Engineer Brian Figg turns creativity and persistence into success

Like many youngsters who grew up in Speedway Indiana the sound of racecars flat out on the track fueled Brian Figg’s dreams of being a race car driver. The proximity of race shops and the cottage industries surrounding them offered the junior high student opportunities to explore the industry. “Racing was my desire, my passion,” Figg said. “I kept telling Amy Watson, daughter of A. J. Watson (renown racecar chief mechanic and winner of 6 Indy 500s), I was going to come out to work at her dad’s shop on Indy cars. I think she got tired of me saying that and finally one day she told me that her dad said I should come on out.” Figg did so and immediately got put to work washing body parts and waxing wheels. “I thought I’d died and gone to heaven,” Figg said.

The next few years he raced go karts and worked in the Watson shop. “On the side I’d buy a beater, fix it up, sell it and then buy another, better, one.” After graduation when all his buddies were going off to college, Figg got a job with Patrick Racing, not as a driver, but as a shop go-fer. In his mind working for a
race team was the pinnacle of success. It was then that fate took him by the hand in the form of legendary engine builder, Sonny Meyer.

TIME TO BUILD PROFESSIONAL EXPERIENCE AND CREDIBILITY

Tucked away in the engine shop under Meyer’s tutelage he began tearing apart and building engines. He took to hanging out after work with the team engineer, talking his ears off about race cars and engines. One late night the engineer turned to him and said, “If you’re really serious about this, why don’t you shut up and go to school?” The seed was planted and although Figg considered himself a terrible student, he took the advice and enrolled at IUPUI.

He finished his degree in the Purdue School of Engineering and had a job waiting for him in Ohio at True Sports. At the time, Bobby Rahal was driving the Budweiser-sponsored car powered by a Judd engine. The team was collaborating with the UK engine builder in an engine development program. “I wasn’t labeled an engineer,” Figg said. “I would build the development engines and test them on the dyno.” He also took the opportunity to spend a couple of semesters at Ohio State studying internal combustion engine design and theory.

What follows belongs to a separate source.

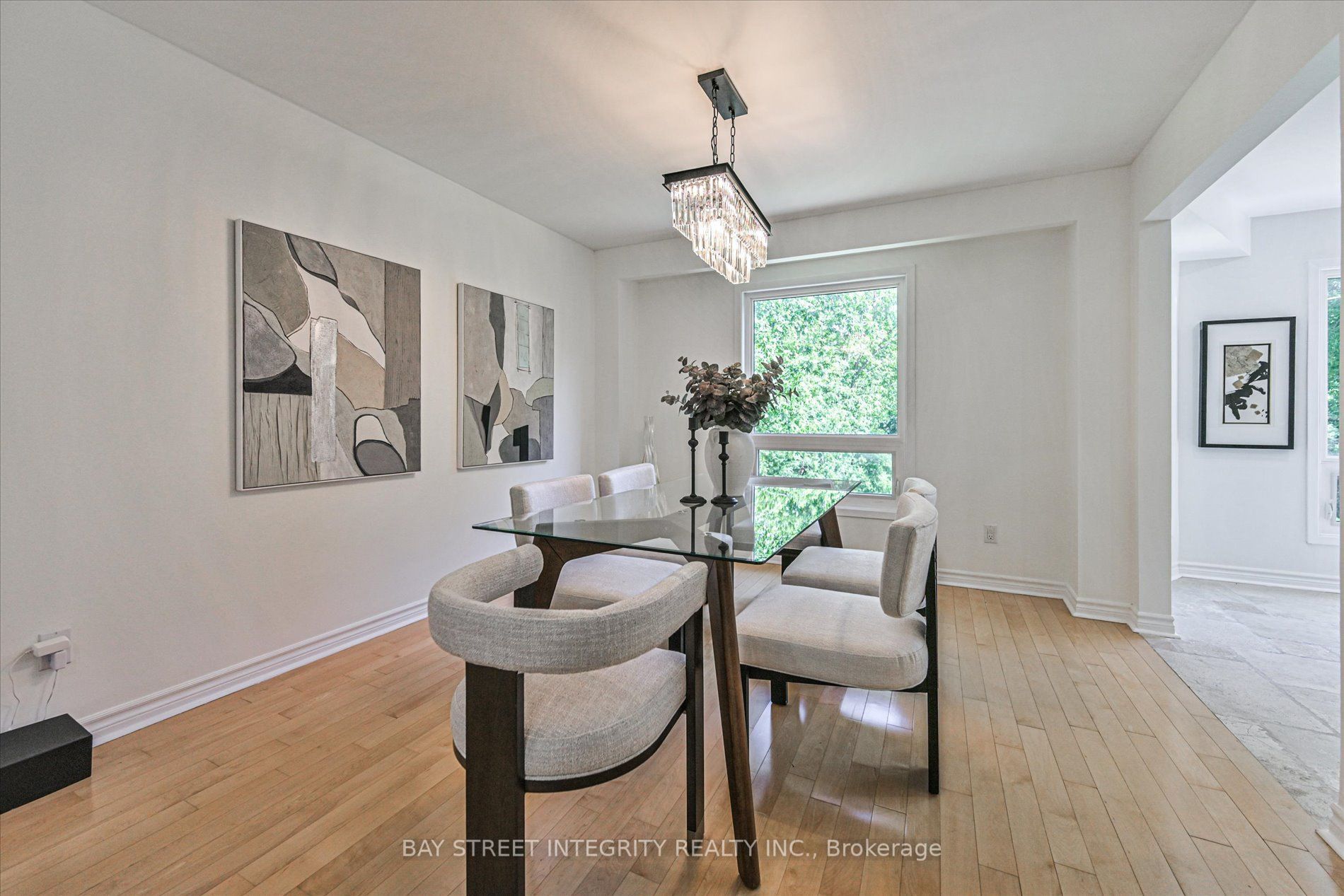 151 Old Surrey Lane Property Photo 7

As with other teams in the industry, eventually sponsorship floundered and Figg found himself looking for a job. He got a call from the Japanese company, KYB, the provider of world class suspension parts and struts. Figg signed a five-year contract. He left for Japan while his wife, Mary, stayed home pregnant with their first child, Korbin. After Korbin arrived, Mary and baby joined Figg in Japan. They stayed for the remainder of three years. The last two years of the contract brought them
back to Indiana where Figg continued his design and production work at KYB’s Franklin facility.

When the contract was up, the company campaigned for him to sign up for another term, but Figg still had the racing bug. He went to work at Speedway Engine Development. He was part of another engine-development collaboration, this time with Cosworth. “It was work, work, work, and a lot of travelling,” Figg said, “and by this time my daughter, Olivia, was born and I was needing to make a change and do something so I could be present more often at home.”

TIME TO PURSUE ENTREPRENEURSHIP

“I left Indy car,” Figg said, “and did engineering consulting for a couple of local companies.” He made it work for a couple
of years. “I thought this was fine, but it wasn’t fulfilling my creativity.”